- **The task**
Go through the data below and copy each line that includes "Silver".

- **Material supplied**
=== Section Start ===

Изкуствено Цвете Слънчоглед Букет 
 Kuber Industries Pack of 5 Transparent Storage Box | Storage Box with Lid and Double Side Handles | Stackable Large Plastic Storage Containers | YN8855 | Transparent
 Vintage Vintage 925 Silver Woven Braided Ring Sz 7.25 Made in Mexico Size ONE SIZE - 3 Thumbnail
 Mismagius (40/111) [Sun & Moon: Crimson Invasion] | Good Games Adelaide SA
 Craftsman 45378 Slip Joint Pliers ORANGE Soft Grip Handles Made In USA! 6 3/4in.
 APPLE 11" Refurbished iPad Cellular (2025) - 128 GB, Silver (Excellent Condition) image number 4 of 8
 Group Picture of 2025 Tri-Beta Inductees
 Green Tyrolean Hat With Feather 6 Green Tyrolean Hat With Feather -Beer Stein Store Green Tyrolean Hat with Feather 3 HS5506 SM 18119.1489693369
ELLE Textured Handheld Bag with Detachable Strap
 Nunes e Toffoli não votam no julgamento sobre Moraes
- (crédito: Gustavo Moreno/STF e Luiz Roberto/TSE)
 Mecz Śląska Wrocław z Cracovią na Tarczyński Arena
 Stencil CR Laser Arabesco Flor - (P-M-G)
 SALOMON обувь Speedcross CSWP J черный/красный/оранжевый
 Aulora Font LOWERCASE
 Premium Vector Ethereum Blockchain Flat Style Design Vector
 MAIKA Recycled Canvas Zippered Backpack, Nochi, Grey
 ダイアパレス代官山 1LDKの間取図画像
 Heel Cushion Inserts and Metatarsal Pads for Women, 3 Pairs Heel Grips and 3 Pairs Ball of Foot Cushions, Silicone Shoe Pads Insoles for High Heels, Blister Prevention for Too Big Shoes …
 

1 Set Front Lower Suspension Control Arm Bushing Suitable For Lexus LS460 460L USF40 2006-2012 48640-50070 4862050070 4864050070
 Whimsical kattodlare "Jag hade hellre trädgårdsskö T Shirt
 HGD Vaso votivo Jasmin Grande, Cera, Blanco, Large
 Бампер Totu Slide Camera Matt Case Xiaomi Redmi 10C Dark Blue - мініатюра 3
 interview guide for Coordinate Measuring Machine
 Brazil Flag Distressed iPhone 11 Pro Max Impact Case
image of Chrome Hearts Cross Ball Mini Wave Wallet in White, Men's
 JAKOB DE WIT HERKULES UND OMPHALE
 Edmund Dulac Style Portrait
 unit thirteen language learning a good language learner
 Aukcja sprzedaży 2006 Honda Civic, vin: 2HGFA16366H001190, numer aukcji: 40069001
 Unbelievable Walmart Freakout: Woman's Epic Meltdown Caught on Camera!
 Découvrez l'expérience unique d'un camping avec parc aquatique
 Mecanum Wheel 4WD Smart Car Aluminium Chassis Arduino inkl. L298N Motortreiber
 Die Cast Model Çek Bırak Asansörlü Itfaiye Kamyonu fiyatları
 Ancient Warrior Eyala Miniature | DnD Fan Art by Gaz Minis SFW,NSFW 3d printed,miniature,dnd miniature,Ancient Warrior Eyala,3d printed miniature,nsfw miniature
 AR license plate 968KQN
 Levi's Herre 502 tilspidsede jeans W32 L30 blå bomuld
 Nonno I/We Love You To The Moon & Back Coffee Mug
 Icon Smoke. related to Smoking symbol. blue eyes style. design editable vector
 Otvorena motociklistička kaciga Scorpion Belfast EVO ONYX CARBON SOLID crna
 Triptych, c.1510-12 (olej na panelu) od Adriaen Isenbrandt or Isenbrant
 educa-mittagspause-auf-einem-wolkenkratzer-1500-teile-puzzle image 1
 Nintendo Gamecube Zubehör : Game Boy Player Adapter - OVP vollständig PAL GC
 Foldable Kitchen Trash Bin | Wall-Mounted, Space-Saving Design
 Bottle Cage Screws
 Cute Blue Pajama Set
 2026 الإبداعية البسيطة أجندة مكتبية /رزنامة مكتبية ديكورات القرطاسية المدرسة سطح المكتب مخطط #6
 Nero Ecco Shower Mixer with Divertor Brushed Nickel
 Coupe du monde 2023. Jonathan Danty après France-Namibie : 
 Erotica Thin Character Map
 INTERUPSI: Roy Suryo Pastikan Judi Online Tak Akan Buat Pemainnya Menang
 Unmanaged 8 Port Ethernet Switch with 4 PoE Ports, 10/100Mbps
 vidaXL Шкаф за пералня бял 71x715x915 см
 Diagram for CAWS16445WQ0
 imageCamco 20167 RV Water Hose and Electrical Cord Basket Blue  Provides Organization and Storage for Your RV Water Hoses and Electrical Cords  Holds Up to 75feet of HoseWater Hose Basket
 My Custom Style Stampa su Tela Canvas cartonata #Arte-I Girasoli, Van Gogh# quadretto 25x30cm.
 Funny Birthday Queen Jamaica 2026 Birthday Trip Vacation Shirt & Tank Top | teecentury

=== Section End ===

- **Response for this exercise**
 Vintage Vintage 925 Silver Woven Braided Ring Sz 7.25 Made in Mexico Size ONE SIZE - 3 Thumbnail
 APPLE 11" Refurbished iPad Cellular (2025) - 128 GB, Silver (Excellent Condition) image number 4 of 8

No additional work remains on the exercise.